Josh Jackson going No. 1 overall to the Celtics is just a rumor, nothing more
Jackson to the Celtics? Hold up, not so fast.


For the 2017 draft, those players are Markelle Fultz — the consensus No. 1 pick — and Josh Jackson, a versatile hard-nosed wing who has mostly been projected to the 76ers at No. 3. According to ESPN’s Chad Ford, Jackson has emerged as ‘an intriguing option’ for the Celtics at No. 1.
The main reasoning is that Jackson is the type of player who Celtics general manager Danny Ainge likes in the draft. Here’s a quote from an anonymous GM in Ford’s story:
“I’ve picked Danny’s brain for years. Jackson is an Ainge player all the way. Tough, athletic, long, versatile, elite motor. If he’s keeping the pick, Jackson just to me, far and away, is the most Celtics-type player for them to draft.

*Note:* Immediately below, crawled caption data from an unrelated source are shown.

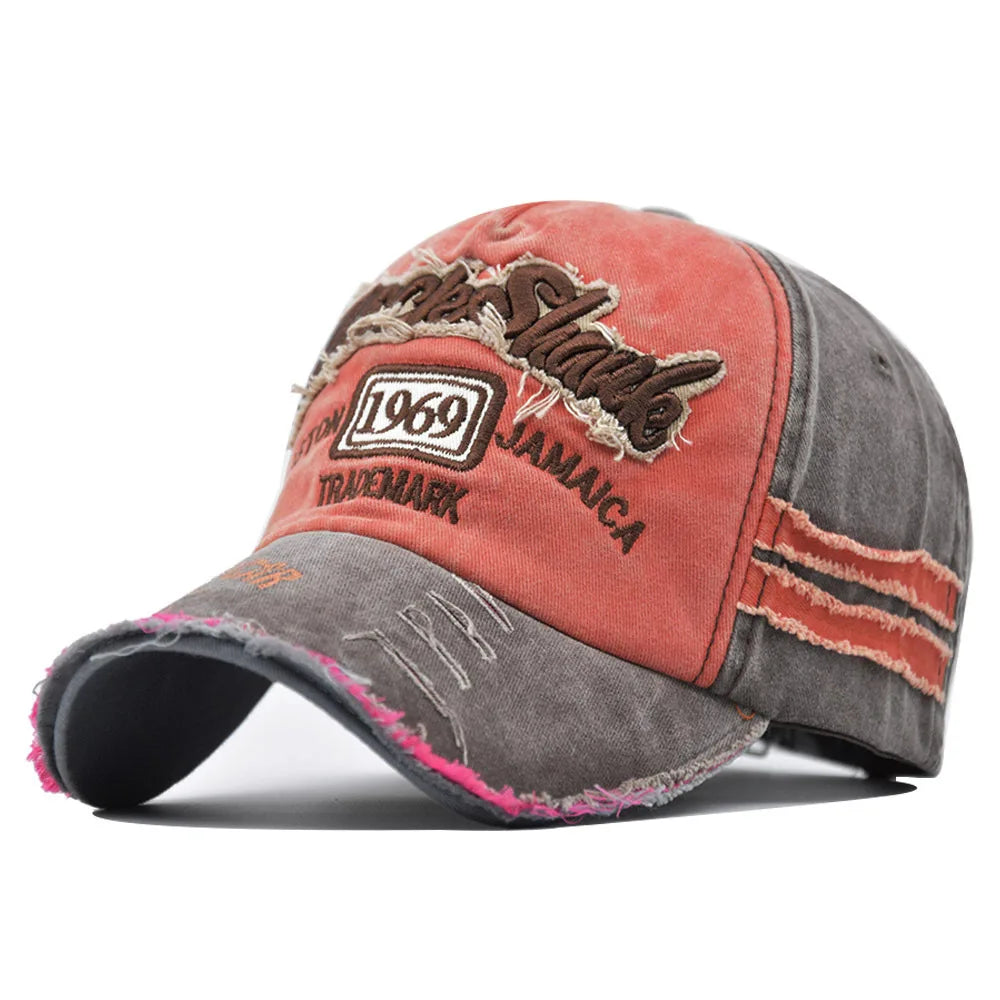 Vintage Washed Cotton Snapback 1969 Baseball Cap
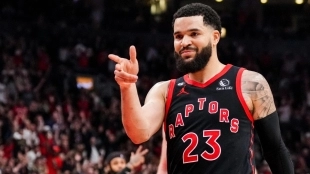 Fred VanVleet, jugador de Toronto Raptors.
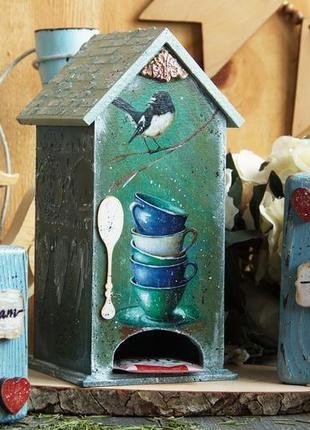 Чайный домик и подсвечники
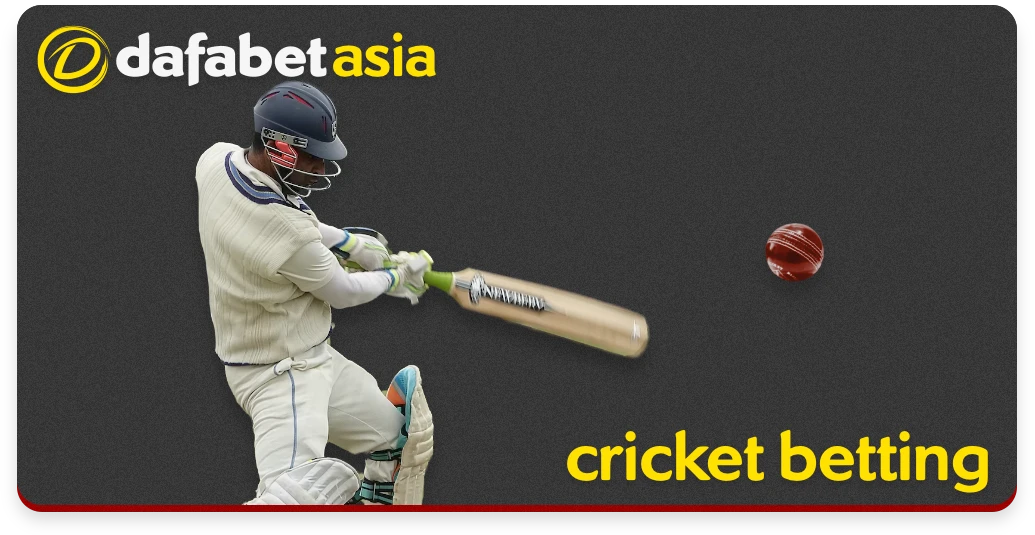 Dafabet players can make bets on popular cricket tournaments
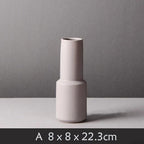 Contemporary Matte Ceramic Vases – Premium Porcelain in 5 Shapes & 4 Colors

From all my conversations with them, I’m convinced they’ll take Jackson No. 1.”
Jackson hasn’t worked out for Boston yet, and there are currently no plans for him to do so.
Why would the Celtics shock everyone and pick Jackson?
The anonymous general manager is 100 percent right — Jackson is a prototypical Danny Ainge draft pick. There’s a lot to like about the 6’8 20-year-old from Kansas, especially his defensive versatility in an increasingly demanding NBA. He has an offensive presence, not a true point forward but possessing strong playmaking skills, and the only major question about his game is his jump shot. To be fair, that’s a big question, but there’s a good chance that Jackson is a solid, starter-caliber player for years even if it doesn’t develop beyond where it is right now.
Drafting Jackson would also avoid the awkwardness of drafting a point guard (Fultz) when you already have an incredible one in Isaiah Thomas.
Why the Celtics won’t do this
But just being an “Ainge-like player” isn’t enough for Ainge to draft Jackson first overall — not when someone as talented as Fultz is staring him in the face. Fultz is a 6’5 dynamic guard with even fewer questions about his game than Jackson, and there’s a reason he has been the consensus top pick for nearly a year now.
It would be one thing for Ainge to gamble on the convention pick for a player whose skill set he prefers. It’s an entirely different thing to do that with the No. 1 overall pick and to do it when their pick last year, Jaylen Brown, is strikingly similar to Jackson.
The Fultz vs. Thomas decision is a tricky one, but it’s not one you can avoid. If Thomas has to be traded — here’s the case for the Celtics moving on from him — then those are the tough decisions you must make as a general manager.
It’s awfully telling that Jackson hasn’t even worked out for Boston, too. If Jackson or his agent truly felt like he had a chance to go No. 1, it would be hard to imagine them not jumping on that opportunity. Going No. 1 is a status symbol and Boston is a contending team, yet Jackson has avoided them completely. The two sides are “in dialogue,” but the lack of a workout reveals a lot.
The likelihood that this happens
I suppose it’s possible that Ainge has a nagging gut feeling that Jackson is his guy, not Fultz, and selects him in a moment of impulsiveness. Or something like that.
But this isn’t going to happen. I’ll say there’s a one out of 10 likelihood that Jackson goes first over Fultz. There’s just too much that doesn’t make sense.